God nodded as the pen wrote it all down. He asked, “Anything else?”
“That will do for now, I guess,” said Bloomberg.
“Ok, I’m going to add one more thing. These rules will be in force for one billion trillion years, sixteen eternities, twenty-seven forevers and eleven thousand years after that. I like David Bromberg.”
Bloomberg had no idea who that was, but said, “Thank you.”
“You are not allowed to bother me again until that amount of time has passed. Agreed?”
God smiled. Well, smirked. Then he snapped his fingers. A lit Cuban Montecristo #2 appeared in his hand. He took a long drag, then blew the smoke in Bloomberg’s direction. Bloomberg resisted the urge to lecture God on the dangers of second hand smoke. Instead, he asked, “How soon will these rules go into effect?”
“They’re in effect right now,” God said. He took another long puff on his cigar, then held it up and examined it. “This,” he said, “This, is proof that I exist.” The office faded to gray, and Bloomberg was back in the park.
Nothing had changed. The music was still loud, the people were still dancing, and quite a few of them were smoking Cuban Montecristo #2s.
He was thirsty, and grabbed a bottle of soda from a passing waiter’s tray. The waiter stopped and grabbed it back. “Sorry, Mayor, but that’s a 17 ounce bottle. You can’t drink that.”
“OK,” said Bloomberg, “Give me a small one.”
“That is a small one,” the waiter said. “That’s the smallest we have here in heaven.” He walked away, laughing.
The band was still playing, and they were still too loud. But the music was great, and he found himself moving to it, just a bit. Suddenly, his feet froze to the ground and the rest of his body was locked in position. He had to relax completely before he could move again.
Another waiter walked by, with a tray full of single malt scotches. He pointed, and said, “I’ll take one of those.”
“Sorry,” said the waiter, “you don’t have a license.”
“I don’t need a license, you idiot, you need the license.”
The waiter laughed and moved away quickly.
Other waiters passed, carrying trays full of forbidden foods. He made several attempts to grab some, but his fingers always closed on empty air while the waiters laughed and laughed.
He searched the crowd for Ferrah, and finally found her. “I’ll take one of those,” he said, pointing at the cigars. She laughed at him.
“Now you can’t have one, Mr. Mayor.”
“But everyone else is smoking them. And eating things they’re not supposed to be eating and drinking what they’re not supposed to be drinking. Why? God said those rules would go into effect instantly.”

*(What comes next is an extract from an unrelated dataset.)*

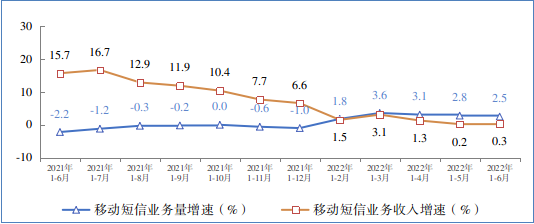 图8移动短信业务量和收入同比增长情况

“Oh they did,” she said, still laughing. She held out her hand and the list appeared in it. She handed it to him. “Read it.”

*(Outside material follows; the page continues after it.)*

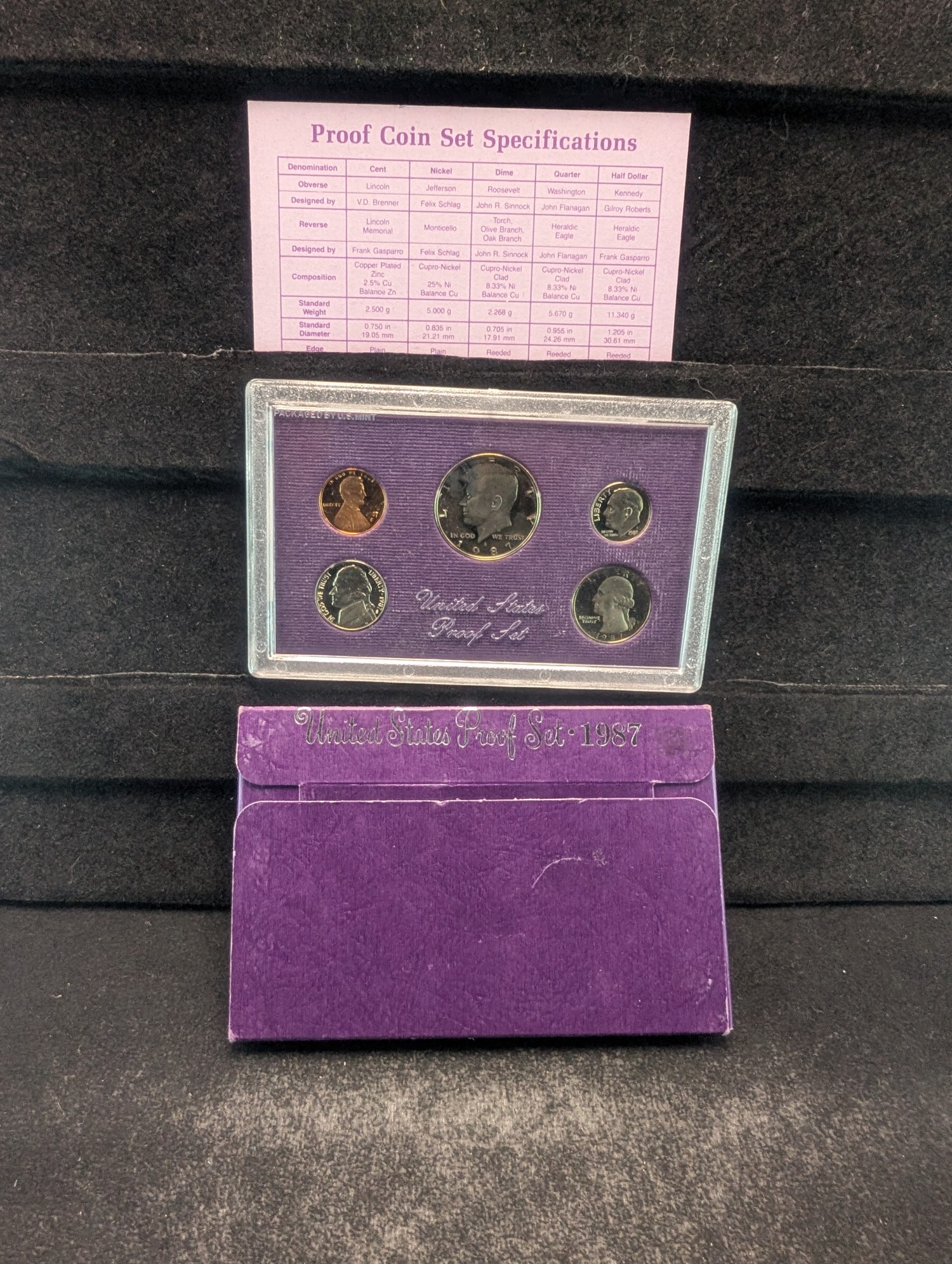 1987-S U.S. Proof Set In OGP w/COA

He read it. When he was done, he looked puzzled. “I don’t understand,” he said.
She giggled. “Read the first line, out loud.”
“Michael Bloomberg’s Rules.”
She smiled at him, waiting for him to figure it out.

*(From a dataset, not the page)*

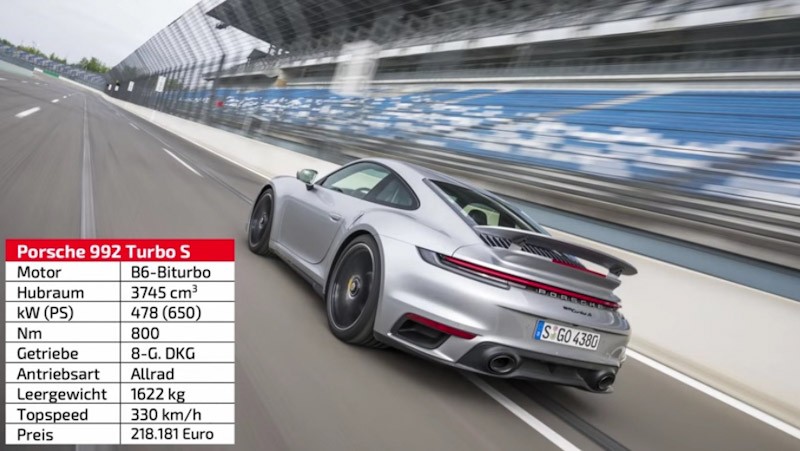Porsche 911 Turbo S Kalahkan Kecepatan Lamborghini Huracan dan Ferrari 488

He figured it out. “Wait, you mean these rules are only for me?”
“Yes! Why should you spoil everyone else’s fun?”
Bloomberg heard laughter coming from all directions. He looked up. They were all laughing at him.
“Oh, one more thing,” said the angel, and she reached out and lightly touched his ears.
The music died. There was nothing left of it but a faint whisper, just enough to make him long to hear it again. But he could still hear the laughter clearly.
“Wait!” he yelled at the crowd, waving his list at them. “This isn’t fair! This isn’t what I wanted! I do not intend to be laughed at for an eternity!”
“Sixteen eternities,” Ferrah said, striking the pose that had once graced twenty million bedroom walls. “A billion trillion years, sixteen eternities, twenty-seven forevers and eleven thousand years after that. But there’s always Thursdays.”
“Why, what happens on Thursdays?”
“On Thursdays you’re a target in the shooting gallery.”
The laughter became unbearably loud.